In fact, the coal-fired power plants There are a dual fuel lower carbon to solve the difficulties of high carbon supply, the power generation efficiency is reduced due to the high inherent moisture content (20-65wt%) the lower carbon is CO ₂ emissions accordingly advanced Tan It has a problem of more than 20% increase compared to [X. Li et al., Energy Fuels , 2010, 24, 160] In order to solve this problem, studies on low-carbon coal drying such as simple drying of low coal, high pressure drying using hot water, or high temperature organic solvents are underway. However, there are still problems in that the process is complicated and problems in that power generation efficiency is lowered due to moisture absorption after drying. In addition, there is also a problem that spontaneous ignition occurs as the moisture is resorbed to the dried coal and the stored coal is lost. Morimoto et al., Energy Fuels , 2009, 23, 4533; DJ Allardice et al., Fuel , 2003, 82, 661]

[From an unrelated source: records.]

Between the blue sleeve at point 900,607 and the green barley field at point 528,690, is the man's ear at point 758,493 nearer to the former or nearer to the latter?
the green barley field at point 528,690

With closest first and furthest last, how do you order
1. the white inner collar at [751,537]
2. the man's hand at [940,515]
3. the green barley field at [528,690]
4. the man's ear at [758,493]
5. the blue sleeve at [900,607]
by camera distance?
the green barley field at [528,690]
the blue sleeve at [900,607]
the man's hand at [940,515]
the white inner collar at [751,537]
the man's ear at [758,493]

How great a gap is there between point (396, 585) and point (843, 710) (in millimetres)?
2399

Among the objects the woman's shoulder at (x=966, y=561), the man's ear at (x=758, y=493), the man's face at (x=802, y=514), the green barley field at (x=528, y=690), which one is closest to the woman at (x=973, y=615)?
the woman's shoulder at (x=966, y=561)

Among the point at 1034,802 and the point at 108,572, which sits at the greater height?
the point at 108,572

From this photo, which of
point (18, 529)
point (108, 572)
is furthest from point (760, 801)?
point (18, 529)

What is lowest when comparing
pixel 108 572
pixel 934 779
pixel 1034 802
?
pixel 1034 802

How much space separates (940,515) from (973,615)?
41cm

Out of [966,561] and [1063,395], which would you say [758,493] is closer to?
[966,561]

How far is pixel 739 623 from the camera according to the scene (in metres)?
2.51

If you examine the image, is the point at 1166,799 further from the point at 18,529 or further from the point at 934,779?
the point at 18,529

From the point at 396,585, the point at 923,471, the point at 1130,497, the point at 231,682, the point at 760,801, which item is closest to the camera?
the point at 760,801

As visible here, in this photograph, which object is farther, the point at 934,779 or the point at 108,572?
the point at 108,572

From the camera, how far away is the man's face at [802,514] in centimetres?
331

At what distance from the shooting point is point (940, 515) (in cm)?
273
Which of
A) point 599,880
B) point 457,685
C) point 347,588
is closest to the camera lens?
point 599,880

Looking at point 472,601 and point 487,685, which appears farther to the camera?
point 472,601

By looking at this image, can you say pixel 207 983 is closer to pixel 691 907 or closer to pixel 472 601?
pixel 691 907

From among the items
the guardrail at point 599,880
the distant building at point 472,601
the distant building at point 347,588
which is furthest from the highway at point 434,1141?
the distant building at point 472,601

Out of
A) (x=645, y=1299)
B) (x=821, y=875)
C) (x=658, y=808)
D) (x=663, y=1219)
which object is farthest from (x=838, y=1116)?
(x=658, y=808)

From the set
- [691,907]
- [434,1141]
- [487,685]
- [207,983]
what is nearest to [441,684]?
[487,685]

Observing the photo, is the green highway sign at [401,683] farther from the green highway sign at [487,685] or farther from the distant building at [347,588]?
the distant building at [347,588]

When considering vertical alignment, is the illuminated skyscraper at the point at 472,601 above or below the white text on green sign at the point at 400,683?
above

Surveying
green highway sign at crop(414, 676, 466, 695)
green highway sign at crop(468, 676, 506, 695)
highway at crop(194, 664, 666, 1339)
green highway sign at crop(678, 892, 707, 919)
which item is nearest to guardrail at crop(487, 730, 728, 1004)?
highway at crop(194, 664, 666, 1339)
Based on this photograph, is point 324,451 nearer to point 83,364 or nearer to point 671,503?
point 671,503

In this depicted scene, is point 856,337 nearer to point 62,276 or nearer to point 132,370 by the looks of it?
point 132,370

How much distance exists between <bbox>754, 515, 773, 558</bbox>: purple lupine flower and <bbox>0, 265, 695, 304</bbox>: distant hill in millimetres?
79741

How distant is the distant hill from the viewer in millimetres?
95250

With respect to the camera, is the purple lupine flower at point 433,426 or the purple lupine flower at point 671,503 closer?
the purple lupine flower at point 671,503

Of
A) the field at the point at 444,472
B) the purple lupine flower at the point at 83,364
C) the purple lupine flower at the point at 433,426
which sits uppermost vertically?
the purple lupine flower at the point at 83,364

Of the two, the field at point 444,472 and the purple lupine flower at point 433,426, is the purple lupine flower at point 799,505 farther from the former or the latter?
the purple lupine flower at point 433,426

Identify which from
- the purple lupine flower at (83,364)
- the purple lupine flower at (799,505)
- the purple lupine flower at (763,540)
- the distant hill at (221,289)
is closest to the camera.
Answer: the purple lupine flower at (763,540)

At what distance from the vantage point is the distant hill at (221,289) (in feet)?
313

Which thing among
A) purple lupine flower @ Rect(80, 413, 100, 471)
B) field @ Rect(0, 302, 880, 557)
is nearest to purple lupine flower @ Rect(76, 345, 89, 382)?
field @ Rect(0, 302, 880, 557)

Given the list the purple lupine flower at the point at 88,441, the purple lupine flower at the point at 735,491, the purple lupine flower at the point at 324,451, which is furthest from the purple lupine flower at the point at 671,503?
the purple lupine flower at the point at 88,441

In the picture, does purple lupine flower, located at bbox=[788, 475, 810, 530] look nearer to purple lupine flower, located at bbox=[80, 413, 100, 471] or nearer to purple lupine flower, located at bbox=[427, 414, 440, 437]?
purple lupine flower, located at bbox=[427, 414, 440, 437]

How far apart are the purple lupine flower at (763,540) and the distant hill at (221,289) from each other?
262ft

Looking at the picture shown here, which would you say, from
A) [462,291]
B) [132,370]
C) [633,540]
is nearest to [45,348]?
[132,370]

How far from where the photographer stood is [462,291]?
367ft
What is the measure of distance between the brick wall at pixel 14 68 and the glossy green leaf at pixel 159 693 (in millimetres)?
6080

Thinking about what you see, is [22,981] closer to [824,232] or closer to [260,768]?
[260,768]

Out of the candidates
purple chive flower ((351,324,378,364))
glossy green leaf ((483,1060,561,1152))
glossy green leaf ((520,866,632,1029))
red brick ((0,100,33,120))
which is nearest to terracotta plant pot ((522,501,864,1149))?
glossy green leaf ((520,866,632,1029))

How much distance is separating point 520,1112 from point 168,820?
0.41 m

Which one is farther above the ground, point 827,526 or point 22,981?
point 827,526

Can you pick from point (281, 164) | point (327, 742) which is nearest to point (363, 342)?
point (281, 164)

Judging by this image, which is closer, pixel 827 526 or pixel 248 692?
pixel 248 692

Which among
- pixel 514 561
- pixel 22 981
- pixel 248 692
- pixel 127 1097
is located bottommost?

Therefore, one of the most important problems to be solved in order to promote the use and dissemination of low-grade coal is to develop a technology that maintains calorific value and suppresses spontaneous ignition by preventing water from being resorbed to the dried low-carbon I will. Among the technologies that can be used to solve these problems, the most popular technology is to remove intrinsic moisture of coal by heating low-grade coal in a high pressure atmosphere using a high temperature organic solvent. However, this technology has the disadvantage that the organic solvent must be separated and recovered, and the process is relatively complicated and another energy cost is required. Therefore, there is an urgent need for a technology for suppressing water resorption of dry coal.

On the other hand, among the issues that are being issued globally as energy sources, the use and dissemination of new and renewable energy sources can be used to cope with global warming and climate change by reducing carbon dioxide emissions compared to fossil fuels such as oil and coal. It is because it is attracting attention as energy source. However, in Korea, when renewable energy sources such as solar or wind power are used for power generation or heating, breakthroughs in use and dissemination have been limited due to differences in generation cost compared to fossil fuels.

In Korea, the new renewable energy mandatory quota system [Renewable Portfolio Standard (RPS)] has been introduced since 2012. It is true that this is a burden for energy providers.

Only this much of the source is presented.